Tell us a little about your background and publishing history.

I’ve written for three publishers and had over a dozen works published by them. About three years ago, I put up my first self-published work, a vampire romance short story. To my surprise the story really took off, and I’ve been self-publishing since. I do still have one book to come from one of my publishers, Harlequin Nocturne, but am not pursuing traditional publishing deals at this time.

If you published with a traditional publisher before self-publishing, do you think having a following helped your Indie sales? Why or why not?

I really don’t. In fact, I got so sick of people saying that. I self-published my first comic mystery under a pen name that had no connection to me anywhere. Mystery was also a new genre for me, so even if somehow people knew I had written that book, my base wouldn’t have helped me. The book took off.

What led to your decision to self-publish?

I was at a point where I was seriously considering walking away from writing as a career. I was burnt out and tired of feeling like I had no control over anything.

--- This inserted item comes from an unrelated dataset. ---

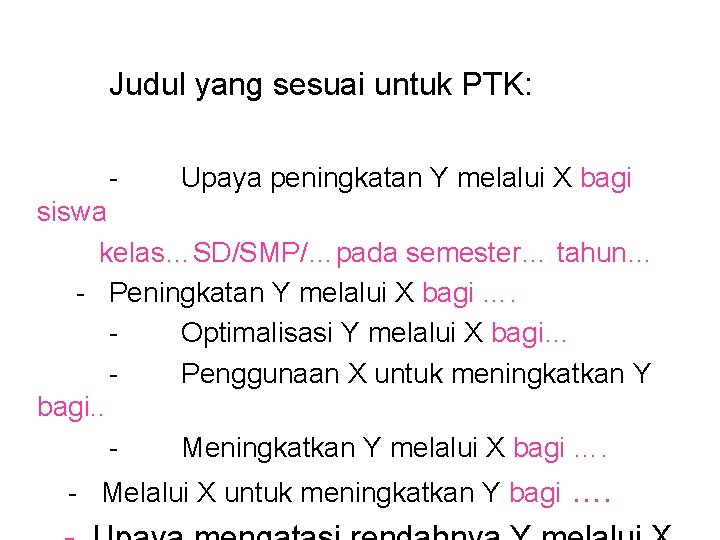 Judul yang sesuai untuk PTK: - Upaya peningkatan Y melalui X bagi siswa kelas…SD/SMP/…pada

When I started making real money off my one little short story, I realized I might have another option.

How long have you been self-publishing?

Around three years.

What were your goals when you began, and how have they changed since then? How do you measure success?

To continue writing and making a living writing without being dependent on publishers and agents.

Did you do a lot of the production process yourself, or did you hire people to do it for you? Were you satisfied with the outcome?

At first I did everything myself, and I made some mistakes. I still do all of my own formatting (and some for others), and a few of my own covers. I hire a copy editor now for all of my stories and a cover designer for most.

How have you spread the word about your work?

I’ve done a few ads at the various sites that promote Kindle deals, at Goodreads, and through Project Wonderful. I also have a web site, newsletter, Facebook pages/profile, and a Twitter account. Most of my success though has just come from the mystery of the algorithm.

What has been the most effective thing you have done to promote your books? What has been the least effective?

Setting the first book in my Dusty Deals Mystery series for free is definitely the most effective thing I’ve done.

Least effective would have to be Goodreads. I don’t see doing that again.

How did your Indie sales evolve? What should a new Indie author expect?

I can’t answer this because it varies a lot by author, genre, etc. Also things have changed a lot, even in just the time since I published my first mystery under my pen name.

What influenced your decision to price your books as you did?

That’s an ever evolving thing too. I noticed in the past few months that Amazon seemed to be giving more love to books that cost more. This encouraged me to raise some of my prices. I do, however, keep my books at under $5. That’s what I’d want to pay myself.

What are your top tips for new Indie authors? What do you wish you had known before you started?

Get a copy editor at least. Next, if you have the money, hire a cover designer. Third pay someone else to format the book.